(Scraped caption text data)
= = = =
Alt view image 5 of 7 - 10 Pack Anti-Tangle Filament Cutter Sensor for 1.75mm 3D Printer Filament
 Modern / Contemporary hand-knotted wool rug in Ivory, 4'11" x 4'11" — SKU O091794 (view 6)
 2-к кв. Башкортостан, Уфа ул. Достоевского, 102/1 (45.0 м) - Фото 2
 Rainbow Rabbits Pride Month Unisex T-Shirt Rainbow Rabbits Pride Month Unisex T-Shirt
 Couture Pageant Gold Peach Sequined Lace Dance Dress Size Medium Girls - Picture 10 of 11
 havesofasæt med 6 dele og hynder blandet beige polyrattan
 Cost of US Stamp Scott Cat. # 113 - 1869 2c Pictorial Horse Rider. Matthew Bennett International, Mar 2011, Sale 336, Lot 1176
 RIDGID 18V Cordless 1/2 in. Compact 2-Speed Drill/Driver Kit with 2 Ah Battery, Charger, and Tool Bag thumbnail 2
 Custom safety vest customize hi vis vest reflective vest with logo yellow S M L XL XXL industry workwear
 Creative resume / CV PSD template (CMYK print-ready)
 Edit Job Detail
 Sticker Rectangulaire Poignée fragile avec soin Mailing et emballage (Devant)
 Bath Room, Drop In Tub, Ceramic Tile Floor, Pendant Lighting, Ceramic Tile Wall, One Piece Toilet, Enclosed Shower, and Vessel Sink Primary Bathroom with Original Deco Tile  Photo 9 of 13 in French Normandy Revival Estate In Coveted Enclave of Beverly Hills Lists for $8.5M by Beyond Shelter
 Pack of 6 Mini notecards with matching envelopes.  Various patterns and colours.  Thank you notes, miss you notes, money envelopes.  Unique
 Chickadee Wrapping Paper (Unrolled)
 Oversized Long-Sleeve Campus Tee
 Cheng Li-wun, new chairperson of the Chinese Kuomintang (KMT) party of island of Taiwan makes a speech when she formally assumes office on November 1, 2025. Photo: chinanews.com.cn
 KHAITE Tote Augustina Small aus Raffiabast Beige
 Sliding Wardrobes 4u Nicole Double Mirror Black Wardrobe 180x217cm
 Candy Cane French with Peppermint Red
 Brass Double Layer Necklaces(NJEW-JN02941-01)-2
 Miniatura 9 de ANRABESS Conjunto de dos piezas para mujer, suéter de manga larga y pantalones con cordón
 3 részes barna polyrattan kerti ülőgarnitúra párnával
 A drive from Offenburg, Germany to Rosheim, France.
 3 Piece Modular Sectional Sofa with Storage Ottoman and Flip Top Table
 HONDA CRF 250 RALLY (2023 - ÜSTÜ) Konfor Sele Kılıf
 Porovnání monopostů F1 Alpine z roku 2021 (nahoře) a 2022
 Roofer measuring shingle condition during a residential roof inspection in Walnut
= = = =
### [INSTRUCTIONS TO FOLLOW]
Working from the entries above, filter out every line that lacks "Piece" and copy what remains.

### [EXERCISE ANSWER]
 Bath Room, Drop In Tub, Ceramic Tile Floor, Pendant Lighting, Ceramic Tile Wall, One Piece Toilet, Enclosed Shower, and Vessel Sink Primary Bathroom with Original Deco Tile  Photo 9 of 13 in French Normandy Revival Estate In Coveted Enclave of Beverly Hills Lists for $8.5M by Beyond Shelter
 3 Piece Modular Sectional Sofa with Storage Ottoman and Flip Top Table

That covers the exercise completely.